Dynamics of particles in fluids: effects of correlations and interactions

Abstract

Particles suspended in turbulent fluid flows are common in Nature and in technological applications. In some cases, the relative dynamics of spherical particles may be of interest. One example is small rain droplets in turbulent clouds. The dynamics of nearby droplets is correlated because they experience a correlated airflow. But their relative dynamics is influenced also by fluid-mediated droplet-droplet interactions, or by electrical forces due to charges which the droplets may carry. Heavy particles may detach from the fluid streamlines due to inertia and show inhomogeneities in their spatial distributions, known as clustering. In other cases, the angular dynamics of aspherical particles may be of interest, an example being long and slender fibres in wood pulp used for papermaking. In this thesis, we start by studying the separations and relative angles of non-interacting particles in turbulent flows. This is followed by two studies on the relative dynamics of interacting droplets in steady flows.

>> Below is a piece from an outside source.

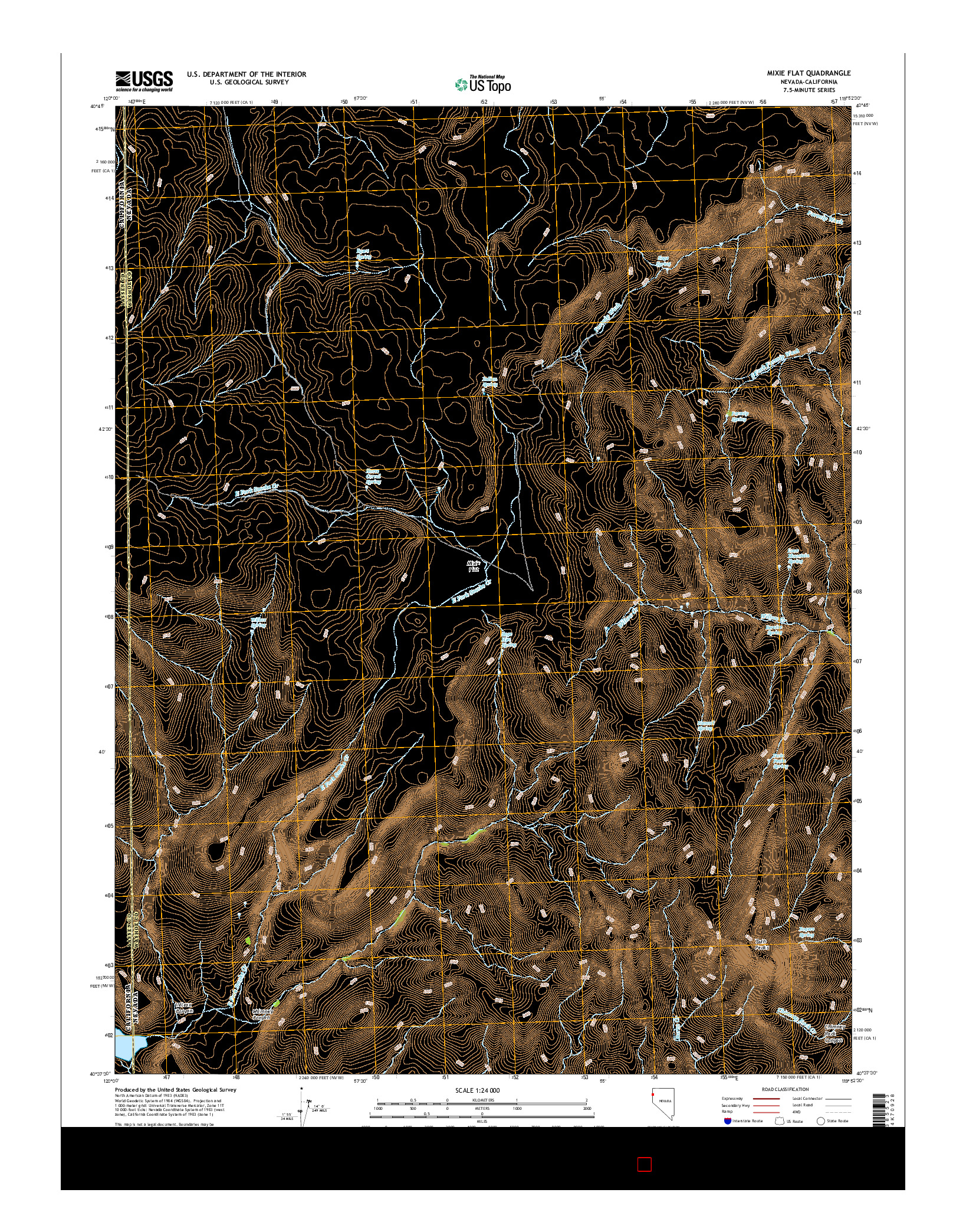 USGS US TOPO 7.5-MINUTE MAP FOR MIXIE FLAT, NV-CA 2015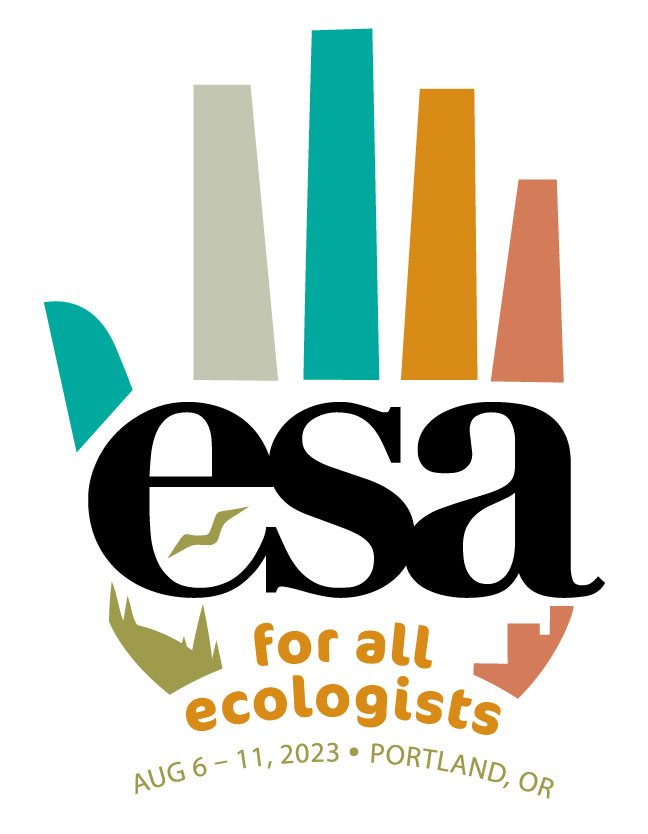 Fingers of a hand with the letters ESA -For All Ecologists written across it. This is the official logo of the 2023 Annual Meeting in Portland Oregon, USA.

First, we analyse a discrete-time, toy model of inertial particles in turbulence. The simplicity of the model allows us to understand in detail how the distribution of inertial particles in turbulence depends on the particle inertia.

Second, we use a statistical model to study how slender rods align with the Lagrangian stretching direction in a turbulent channel flow. We show that the alignment is stronger near the channel wall, than near the channel center. Nevertheless, the rods show large excursions away from alignment. Our model explains the dynamics qualitatively near the channel center but quantitatively near the channel wall.

Third, we use dynamical systems theory to unravel the mechanisms leading to collisions of small, charged droplets in still air. We find that a saddle point with its associated stable manifold determines whether droplets collide or not. This mechanism causes the collision outcomes of droplets with large charges to become independent of non-continuum effects.

Finally, we perform a bifurcation analysis of hydrodynamically interacting neutral droplets settling in a straining flow. Our analysis explains a non-monotonic dependence of their collision rate upon the strength of the strain and that of gravity. We find that even for neutral droplets, there is a regime where the steady-state collision rate becomes independent of non-continuum effects. In addition, our analysis predicts strong inhomogeneities in the distribution of separations.